I have been struggling for three days now to come up with something clever to say about this book. It is simply a brilliant old-fashioned mystery novel with plenty of intrigues. I really love the design of the book, something which is definitely lost in the Kindle edition. But I discovered the X-ray tool on Kindle while reading this, and it has plenty of information about the places mentioned in the book. It also has a feature where you can see how much a name or place is mentioned in the book. Fun for book nerds!

The Luminaries won the Man Booker Prize 2013 and I have yet to read the others on the short list to see if this is a worthy winner. But it is definitely a great book! 

forty-eight.

Jordmora by Katja Kettu (2011)
(Kätilö)

Villøye is the midwife in Petsamo during World War II, and the place is crawling with German soldiers. Villøye falls in love with one of the soldiers, Johannes, and although he has got another girl pregnant, she follows him to a POW Camp with Soviet prisoners where she becomes a nurse. But the war is at its turning point, and Villøye and Johannes have to flee and they end up in an isolated hut in a remote Norwegian fjord.
Ohmygodthisbook! It has everything and so much more. It gives an excellent portrait of the complex Barents region, and the terrible war which devastated the area. It is a gruesome story, and really shows how people deal with the worst situations. And the choices Villøye makes have terrible consequences.

I really liked the language in the book, and the way it’s a mix of Finnish, Russian and Sami words in the translation.
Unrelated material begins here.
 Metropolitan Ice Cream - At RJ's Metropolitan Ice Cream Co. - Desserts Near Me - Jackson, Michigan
And it’s always interesting to read about the place where you hail from. I really regret that I gave up on learning Finnish because I’m really curious how this is in its original language. The translator, Turid Farbrergd, did a hell of a job and I have learnt so many new words. I also got a better picture of what it was like during the war, and I definitely need to read more about the war in the Barents region.

I hope it will be translated into English soon. If you get a chance, read it! It is definitely the best book I have read this year and on the list of my favourites and I already need to read it again. And Katja Kettu is an author I will definitely read more of. 
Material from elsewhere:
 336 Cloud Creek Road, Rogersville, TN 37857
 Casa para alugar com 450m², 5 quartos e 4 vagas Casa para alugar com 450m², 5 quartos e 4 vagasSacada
Ps: I think Villøye might be the horniest woman I have come across so far in literature, and I love it!

forty-seven.

War and Peace by Leo Tolstoy (1869)
“”How can we fight the French, Prince?” said Count Rostopchin. “Can we arm ourselves against our teachers and divinities. Look at our youths, look at our ladies! The French are our Gods: Paris is our Kingdom of Heaven.””
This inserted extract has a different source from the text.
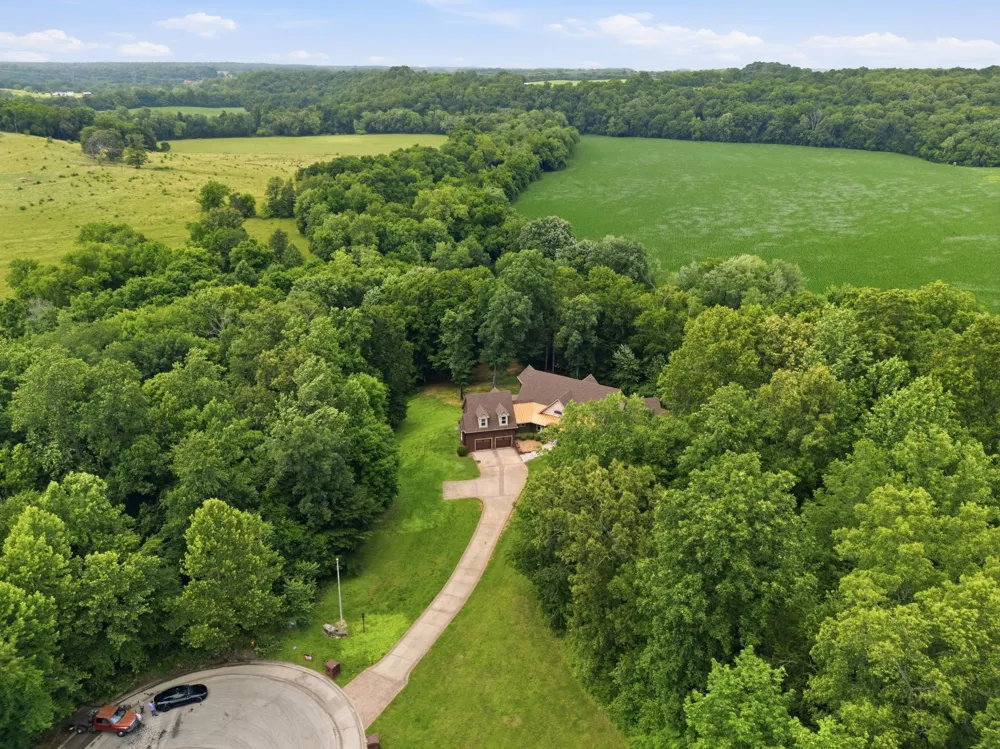 2214 Trieste Trl Adams, TN 37010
It is 1805 and Russia and France are about to go to war. In the Rostov household, they are concerned about three things; money, marrying off their children and war. The Bolkonskys’ estate is out on the countryside where the old Prince holds the rest of the family in a tight clutch. Pierre Bezukhov is the illegitimate son of one of the richest counts in Russia, and he unexpectedly inherits the money and climbs on the social ladder. He marries one of the important ladies, Helene Kuragina, but the marriage is colder than ice.

Napoleon and his army destroy the Russians, and even the aristocracy suffers horrible losses. The war changed the lives of the noble families, and they lived through tragedies, but also had some happy moments during the war. 

War and Peace is said to one of the best novels ever written. I cannot say that I agree, although I really enjoyed the story. But the bloody philosophical essays in between, and especially in the final epilogue. That really ruined the book for me. And Tolstoy sure takes his time to get to the point, and I believe that it would have been a lot better if only he had a strict editor. If you plan to read it, I suggest you go for a good edition which has put all the essays in an appendix.

But luckily, Tolstoy’s genius shines through, and those parts which deals with family life, and especially love, are brilliant and as good as Anna Karenina. I just wish he would have kept to those subjects, as the strategies and details about warfare don’t interest me at all. I do, however, see why many men list this as their favourite book. I’m just glad that I can tell the world that I have read War and Peace. 

This was September’s read in Line’s 1001 books reading challenge (and yes, I needed another week to finish it).